• **RECORDED INFORMATION**
......

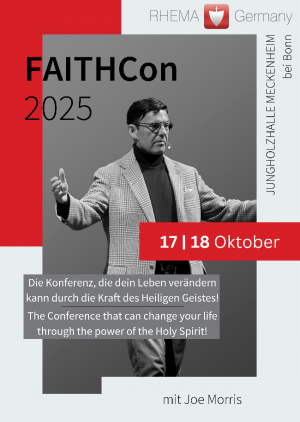 FAITHCon 2025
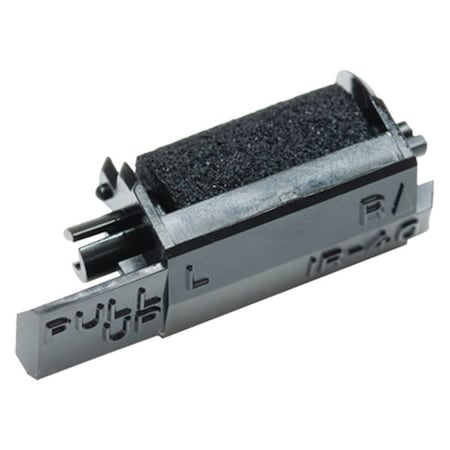 Ribbon Cartridge, Black, Remanufactured MPN:R1180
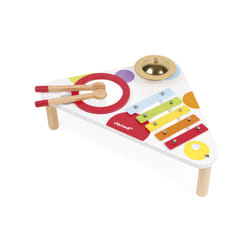 Juratoys Table Musicale Confetti (Bois)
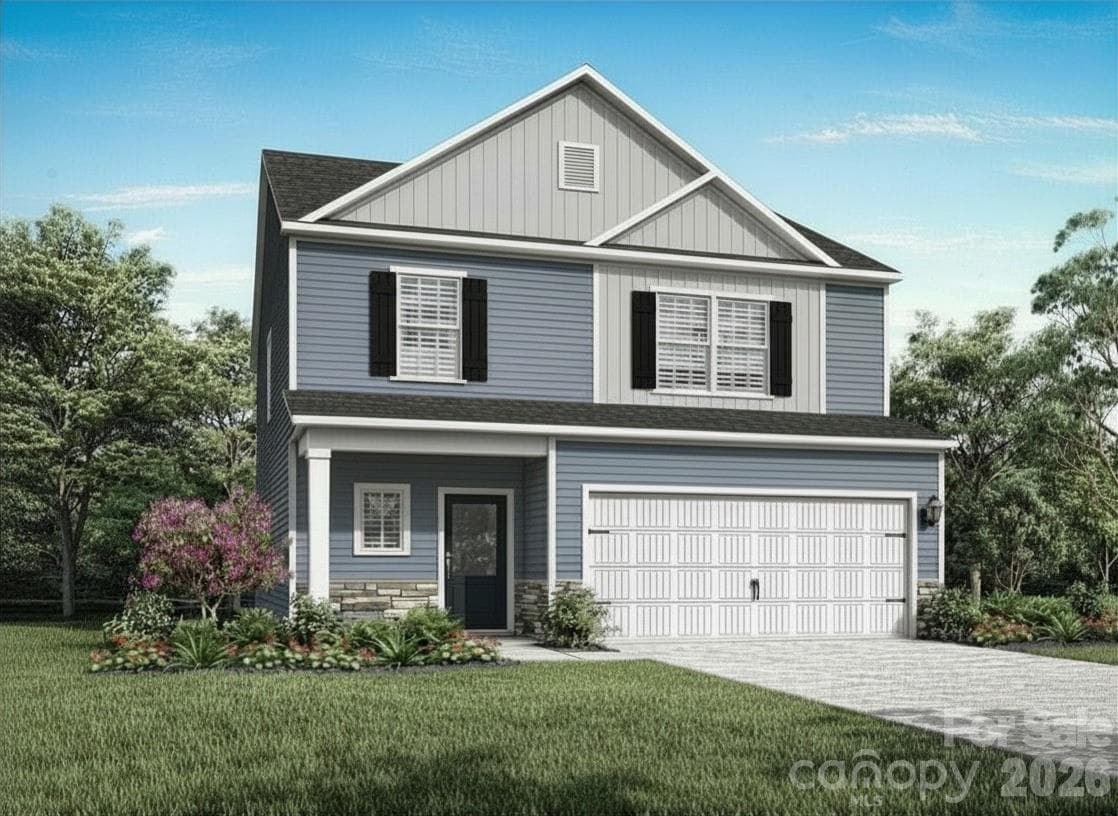 3619 Clover Valley Drive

......

• **INSTRUCTIONS FOR THE TASK**
Leaving out only the pictures, reproduce the listing exactly.

• **FINISHED TASK**
 FAITHCon 2025
 Ribbon Cartridge, Black, Remanufactured MPN:R1180
 Juratoys Table Musicale Confetti (Bois)
 3619 Clover Valley Drive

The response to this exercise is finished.